ALL THAT REMAINS Frontman: 'Every Time We've Done Something We're Not Supposed To Do, It's Worked Out Really Well For Us'
September 2, 2017
Ace of RockRevolt Magazine recently conducted an interview with ALL THAT REMAINS frontman Phil Labonte. You can listen to the entire chat below. A few excerpts follow (transcribed by BLABBERMOUTH.NET).
On the band's cover of Garth Brooks's country hit "The Thunder Rolls":
Phil: "I didn't get into Garth Brooks for a long, long, long time. When I was a kid growing up, but not really a kid-kid, but when I was a teenager and older, about the only thing me and my mom could agree on, was Garth Brooks. To me, that was not too bad and she was into country so that was the only thing we could get in the car and listen to together. I loved the song for a long time. I've been kinda itching to do it for a while and I brought it up to the guys a few times. Either we didn't do a cover, or it was outvoted or whatever, but this time I was going 'We got to do this.' Howard [Benson], our producer, was into it and our manager was into it, too. We were like, 'All right, let's do it.' It came out cool."
On the band's willingness to embrace multiple styles and genres at once:
Phil: "That's kind of what we've always done. There's people who are going to say they don't like that, that we should only do one thing. We'll just say, 'Well, start your own band.' [Laughs] That's really what it is. We're musicians before we're anything else. So, we want to do something different and we have the right to do it and we got people that are in the band who are skilled enough to be able to write stuff in different styles. We're not afraid to take a risk. That's what you get."

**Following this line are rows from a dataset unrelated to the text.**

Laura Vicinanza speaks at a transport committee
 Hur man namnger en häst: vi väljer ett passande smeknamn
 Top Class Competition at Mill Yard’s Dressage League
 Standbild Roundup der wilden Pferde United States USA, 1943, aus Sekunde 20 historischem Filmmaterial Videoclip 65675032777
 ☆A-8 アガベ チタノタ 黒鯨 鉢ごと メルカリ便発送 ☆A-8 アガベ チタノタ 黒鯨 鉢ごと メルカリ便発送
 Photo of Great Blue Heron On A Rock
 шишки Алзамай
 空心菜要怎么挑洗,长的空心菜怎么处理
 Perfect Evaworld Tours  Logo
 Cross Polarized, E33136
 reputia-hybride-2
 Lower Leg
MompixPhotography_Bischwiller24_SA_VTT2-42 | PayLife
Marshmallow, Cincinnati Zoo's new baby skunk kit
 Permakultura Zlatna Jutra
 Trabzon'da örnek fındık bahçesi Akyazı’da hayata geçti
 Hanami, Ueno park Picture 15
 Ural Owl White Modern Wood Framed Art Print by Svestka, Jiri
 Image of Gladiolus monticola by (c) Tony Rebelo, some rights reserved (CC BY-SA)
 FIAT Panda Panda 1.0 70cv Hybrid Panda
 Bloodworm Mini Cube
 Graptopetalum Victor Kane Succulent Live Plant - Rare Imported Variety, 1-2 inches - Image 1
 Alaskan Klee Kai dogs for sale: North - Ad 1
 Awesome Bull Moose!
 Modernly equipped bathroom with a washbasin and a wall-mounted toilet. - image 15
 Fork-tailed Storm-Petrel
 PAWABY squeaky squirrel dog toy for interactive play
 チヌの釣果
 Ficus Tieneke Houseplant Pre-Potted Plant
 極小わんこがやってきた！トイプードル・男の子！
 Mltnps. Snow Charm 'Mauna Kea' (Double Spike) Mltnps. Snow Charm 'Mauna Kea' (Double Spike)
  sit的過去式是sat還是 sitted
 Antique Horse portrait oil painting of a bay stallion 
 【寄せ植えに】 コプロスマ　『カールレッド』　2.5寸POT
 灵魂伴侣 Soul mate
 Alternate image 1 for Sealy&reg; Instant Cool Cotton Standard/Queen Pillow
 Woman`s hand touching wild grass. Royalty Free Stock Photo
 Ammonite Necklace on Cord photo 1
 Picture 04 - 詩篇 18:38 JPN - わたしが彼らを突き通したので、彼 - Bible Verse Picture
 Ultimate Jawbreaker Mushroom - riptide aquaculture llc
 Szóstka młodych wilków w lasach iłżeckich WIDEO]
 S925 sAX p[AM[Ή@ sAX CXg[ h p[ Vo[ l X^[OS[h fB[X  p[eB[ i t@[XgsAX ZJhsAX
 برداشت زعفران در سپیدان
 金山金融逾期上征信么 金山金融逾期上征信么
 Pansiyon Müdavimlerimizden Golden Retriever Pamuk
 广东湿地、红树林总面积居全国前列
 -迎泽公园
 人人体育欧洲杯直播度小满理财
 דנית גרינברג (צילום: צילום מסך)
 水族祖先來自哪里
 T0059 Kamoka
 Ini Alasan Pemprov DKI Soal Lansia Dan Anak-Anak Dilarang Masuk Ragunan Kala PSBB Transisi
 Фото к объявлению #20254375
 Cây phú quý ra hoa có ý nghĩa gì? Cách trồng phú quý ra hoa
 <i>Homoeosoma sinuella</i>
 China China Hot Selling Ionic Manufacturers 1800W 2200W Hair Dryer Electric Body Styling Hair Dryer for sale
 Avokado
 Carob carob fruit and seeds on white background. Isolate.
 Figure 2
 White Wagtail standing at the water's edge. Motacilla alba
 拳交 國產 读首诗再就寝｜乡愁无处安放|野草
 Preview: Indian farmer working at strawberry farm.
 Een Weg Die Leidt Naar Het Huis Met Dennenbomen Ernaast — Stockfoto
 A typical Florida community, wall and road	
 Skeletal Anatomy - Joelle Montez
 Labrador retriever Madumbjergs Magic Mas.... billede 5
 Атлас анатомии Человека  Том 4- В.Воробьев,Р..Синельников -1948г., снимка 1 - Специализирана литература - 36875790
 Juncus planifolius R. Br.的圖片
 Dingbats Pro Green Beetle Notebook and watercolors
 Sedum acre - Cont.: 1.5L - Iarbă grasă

On addressing the accusations the band is a "sell-out" for moving away from its original metalcore sound:
Phil: "I understand why people stick to one thing. You got an audience and you feel like you owe the audience a certain thing. I totally get that. I also get why people say 'sell-out.' Because they're like 'This band used to be heavy.' Or, 'This band used to be ideological' or whatever the person calling you a sell-out is whatever they think you sold out for. Now, it's doing something different than they would have done or something different than the purists would have approved. So the motivation must have been money. I don't subscribe to that. People, human beings in general, are way more nuanced than that. It's that we're in a band, we play for a living. Every time we've done something we're not supposed to do, it's worked out really well for us. When we put out a heavy record in 2006 called 'The Fall Of Ideals', two years later, we had a song that was kind of a radio rock song. We got a lot of hell for that. You're not supposed to do that if you're a 'metal band.' That did well. A few years later, we put out a real ballad, like an actual, power-ballad, an '80s-style power ballad. We got a lot of garbage for that. We're not supposed to do that, but that song has 40 million views on YouTube and was number two at rock radio forever. When we try something and try to do something that's different from what we've done, historically, it's worked out pretty well. People can say what they want, but, we've managed to make a career out of it for well over a decade. The music industry has died around us. In the hardest time to be in the music industry, we've managed to make a career and do pretty well. I'm pretty excited about things that are going on with ALL THAT REMAINS."
On ALL THAT REMAINS's upcoming live dates with FIVE FINGER DEATH PUNCH, a band Labonte filled in for last year while singer Ivan Moody attended rehab:
Phil: "We've played a couple shows with them this past weekend and stuff. They're all great guys, all really cool, nice dudes. They're all good friends. It's a lot of fun when we can play with them. They called me up and I did a song with them [for] a couple nights. If they ask me again, I'll go and do a song with them again. They're a big band and they bring in a lot of people. Any time we can get in front of their audience, it's really great for us. It's all good stuff."
On whether ALL THAT REMAINS has started writing new material:
Phil: "Funny enough, we actually have. Me and Mike [Martin, guitar] and Oli [Herbert, guitar] got together a couple of times. We don't have anything that we've worked out, but we did get together and came up with some riffs and stuff. So, we'll see how that goes and if we get any songs put together before it's time to start writing for the record. We usually focus on just promoting the record we're on at the time. The fact that we even got together and played each other a couple of riffs is a step in the right direction for us."
ALL THAT REMAINS is continuing to tour in support of its latest album, "Madness", which was released on April 28 via Razor & Tie in the U.S. and Eleven Seven Music in Europe. The disc was recorded at West Valley Studios in Woodland Hills, California with producer Howard Benson, who has previously worked with such acts as MOTÖRHEAD, PAPA ROACH, THREE DAYS GRACE, FLYLEAF, P.O.D. and HALESTORM.